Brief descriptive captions

┄┄┄┄┄┄┄┄┄┄┄┄┄┄┄┄┄┄┄┄

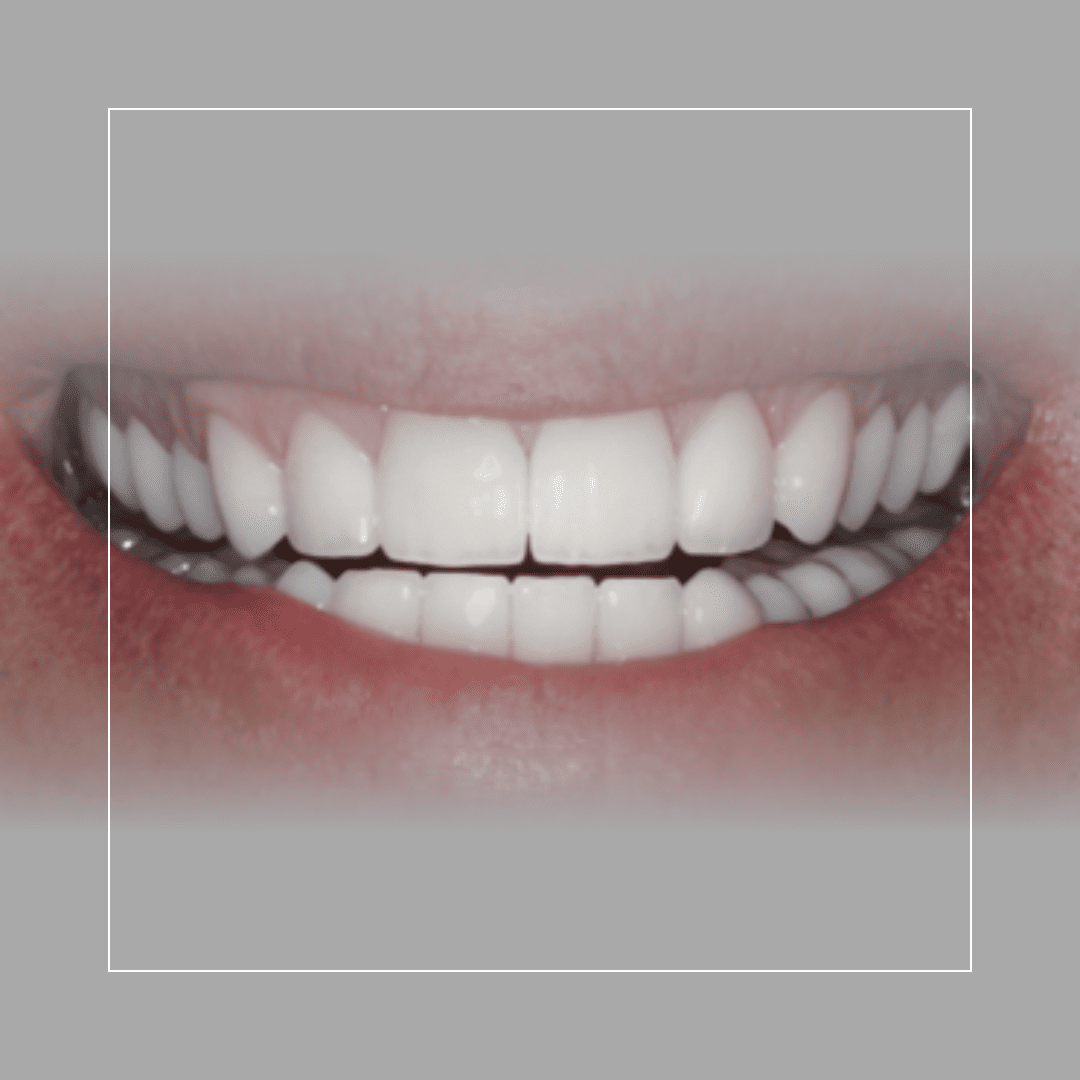 Smile Makeover for Acid Erosion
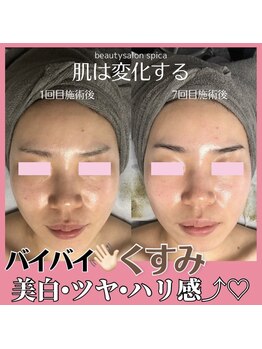 スピカ(Spica)/やればやるほど肌は変わる♪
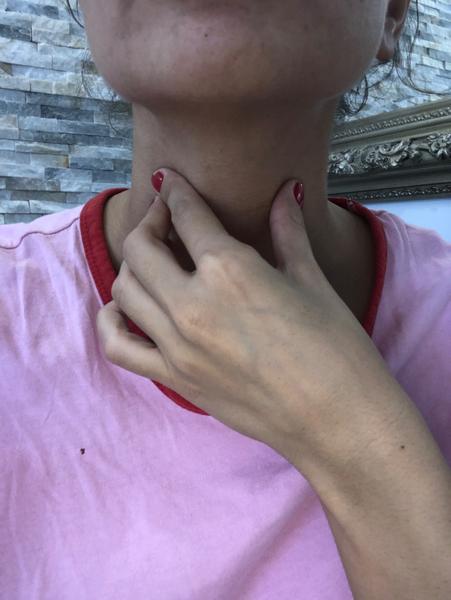 Prečo ma bolí krk v mieste uzlín?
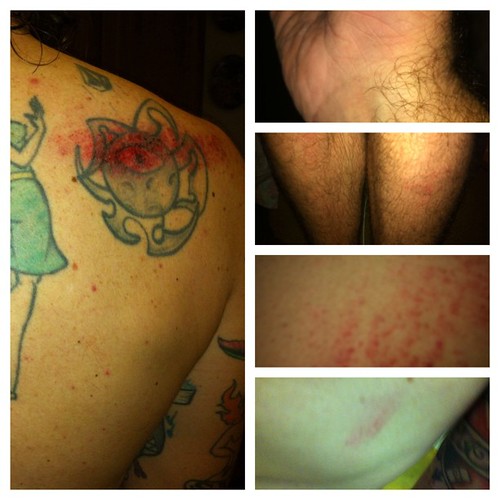 Minor injury report: road rash on shoulder and back, sprai… | Flickr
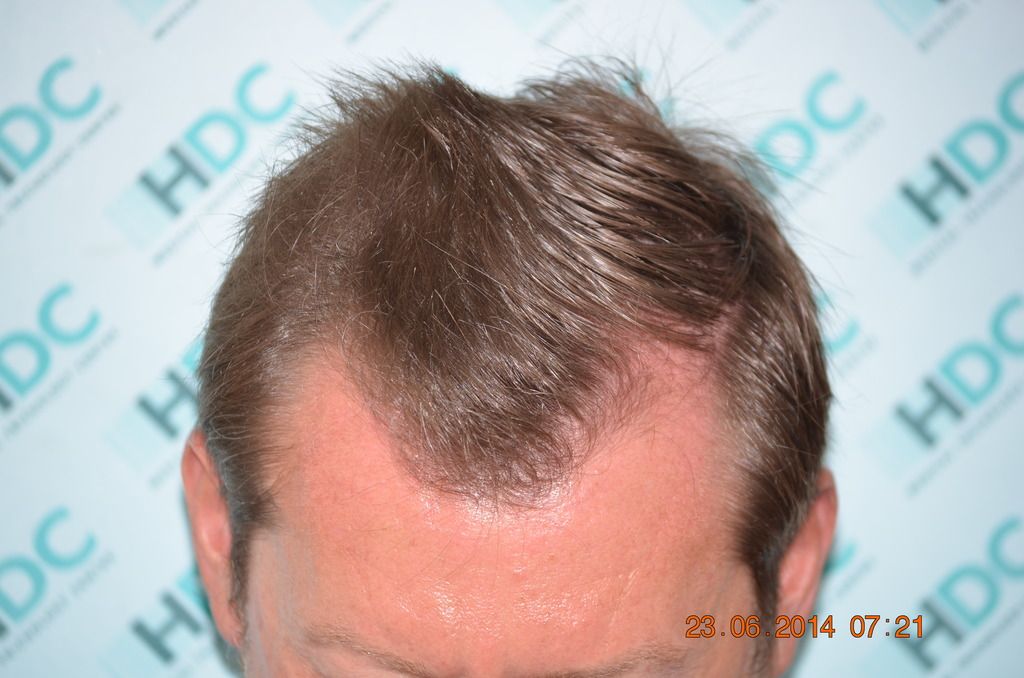 Sign of early hair loss or am I being paranoid tressless
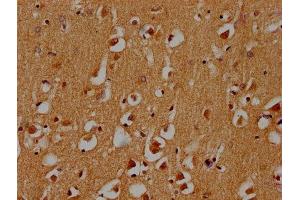 IHC image of ABIN7171265 diluted at 1:300 and staining in paraffin-embedded human brain tissue performed on a Leica BondTM system.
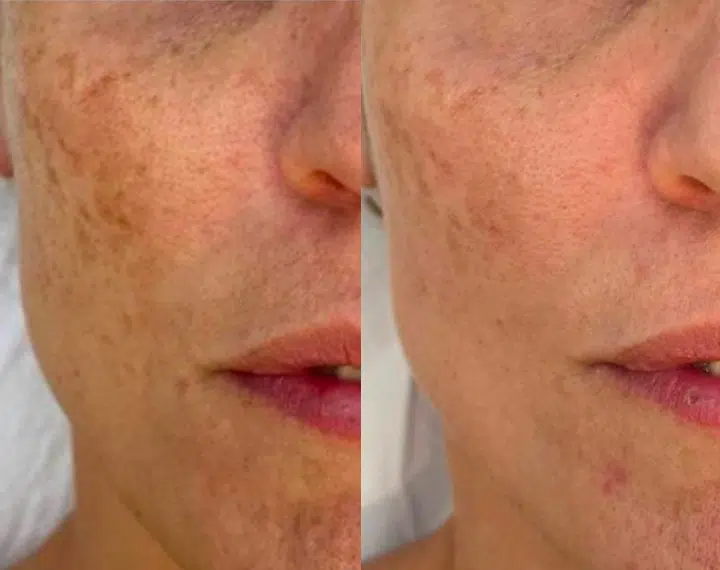 secret duo skin tightening before and after photo by casaglow medspa in new york ny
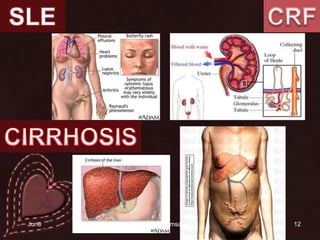 12SLECRFCIRRHOSIS14 June 2010Rangsima Poomsawat
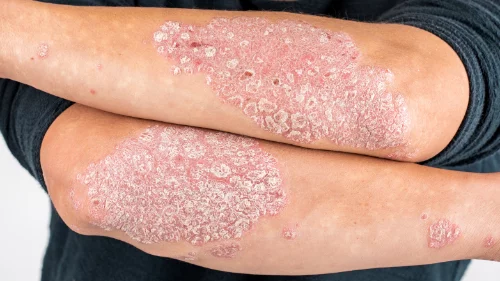 psoriasis-1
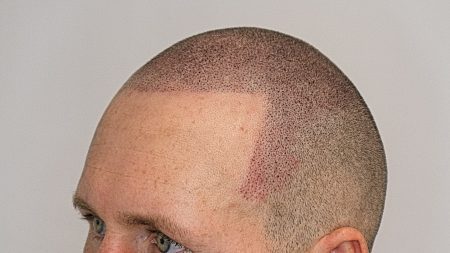 Full Head Scalp Micropigmentaion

┄┄┄┄┄┄┄┄┄┄┄┄┄┄┄┄┄┄┄┄

◆ EXERCISE BRIEF
Set down each entry again exactly as written. Pictures stay out.

◆ TASK RESULT
 Smile Makeover for Acid Erosion
 スピカ(Spica)/やればやるほど肌は変わる♪
 Prečo ma bolí krk v mieste uzlín?
 Minor injury report: road rash on shoulder and back, sprai… | Flickr
 Sign of early hair loss or am I being paranoid tressless
 IHC image of ABIN7171265 diluted at 1:300 and staining in paraffin-embedded human brain tissue performed on a Leica BondTM system.
 secret duo skin tightening before and after photo by casaglow medspa in new york ny
 12SLECRFCIRRHOSIS14 June 2010Rangsima Poomsawat
 psoriasis-1
 Full Head Scalp Micropigmentaion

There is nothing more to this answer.